### Directions:
Give back every line of the data exactly. Pictures are not part of the copy.
=== Input records ===
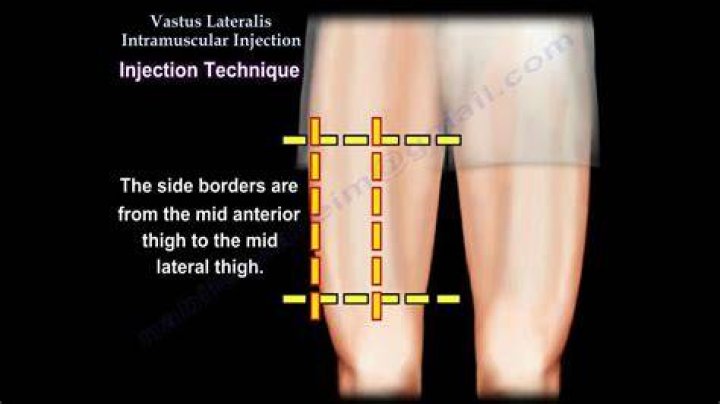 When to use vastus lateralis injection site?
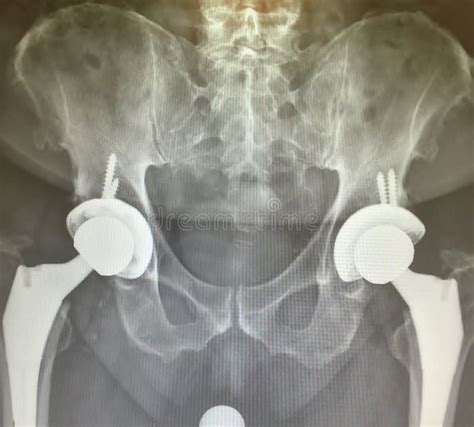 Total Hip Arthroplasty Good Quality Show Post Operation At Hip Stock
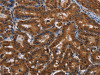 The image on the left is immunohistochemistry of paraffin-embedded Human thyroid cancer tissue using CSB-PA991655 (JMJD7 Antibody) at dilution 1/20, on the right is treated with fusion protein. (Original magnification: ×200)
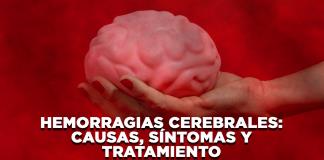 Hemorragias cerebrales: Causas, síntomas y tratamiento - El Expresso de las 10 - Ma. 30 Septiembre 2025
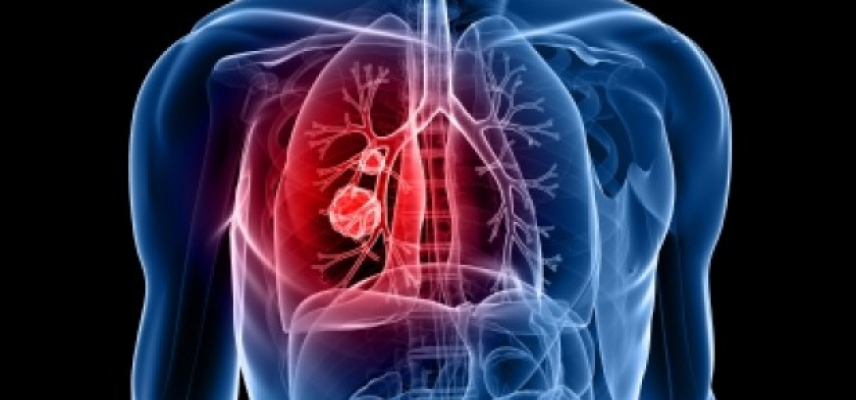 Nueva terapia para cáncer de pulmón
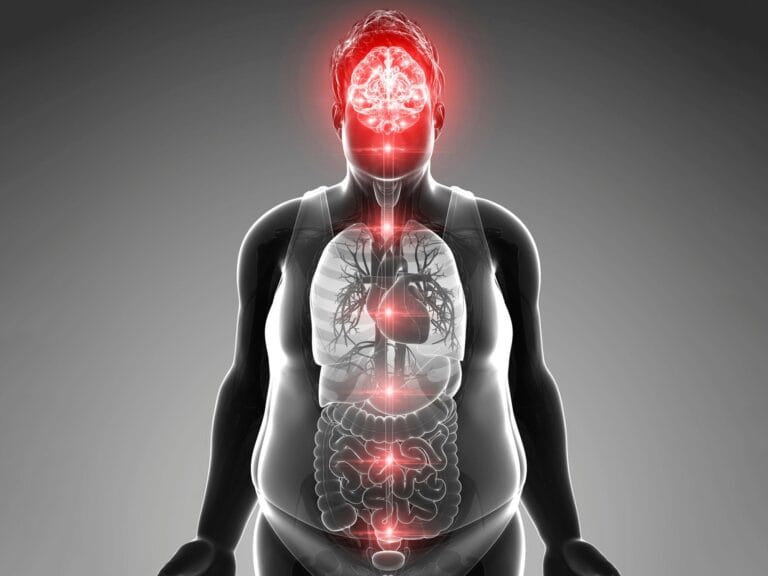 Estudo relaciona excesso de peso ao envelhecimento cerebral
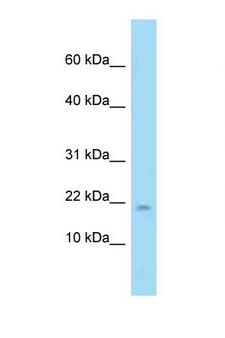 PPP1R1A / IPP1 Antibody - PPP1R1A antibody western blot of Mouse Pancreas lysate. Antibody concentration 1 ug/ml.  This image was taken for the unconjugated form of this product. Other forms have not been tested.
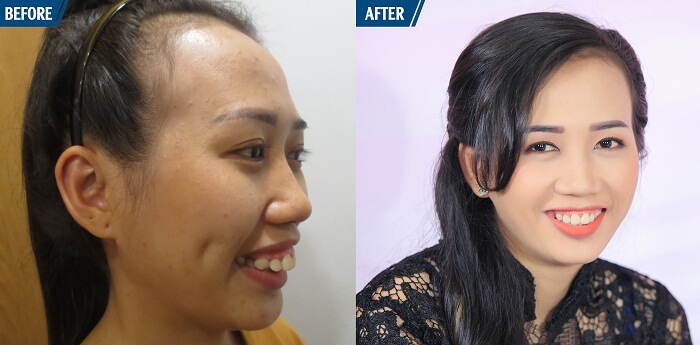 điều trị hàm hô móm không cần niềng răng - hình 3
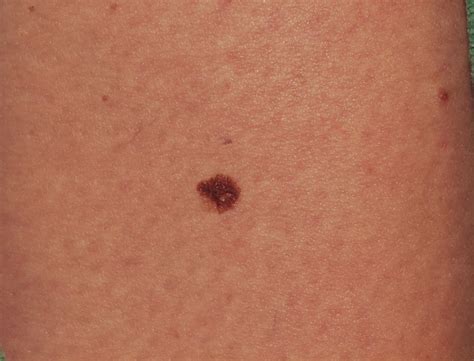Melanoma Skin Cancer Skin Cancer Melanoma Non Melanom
===
### Exercise result:
 When to use vastus lateralis injection site?
 Total Hip Arthroplasty Good Quality Show Post Operation At Hip Stock
 The image on the left is immunohistochemistry of paraffin-embedded Human thyroid cancer tissue using CSB-PA991655 (JMJD7 Antibody) at dilution 1/20, on the right is treated with fusion protein. (Original magnification: ×200)
 Hemorragias cerebrales: Causas, síntomas y tratamiento - El Expresso de las 10 - Ma. 30 Septiembre 2025
 Nueva terapia para cáncer de pulmón
 Estudo relaciona excesso de peso ao envelhecimento cerebral
 PPP1R1A / IPP1 Antibody - PPP1R1A antibody western blot of Mouse Pancreas lysate. Antibody concentration 1 ug/ml.  This image was taken for the unconjugated form of this product. Other forms have not been tested.
 điều trị hàm hô móm không cần niềng răng - hình 3
Melanoma Skin Cancer Skin Cancer Melanoma Non Melanom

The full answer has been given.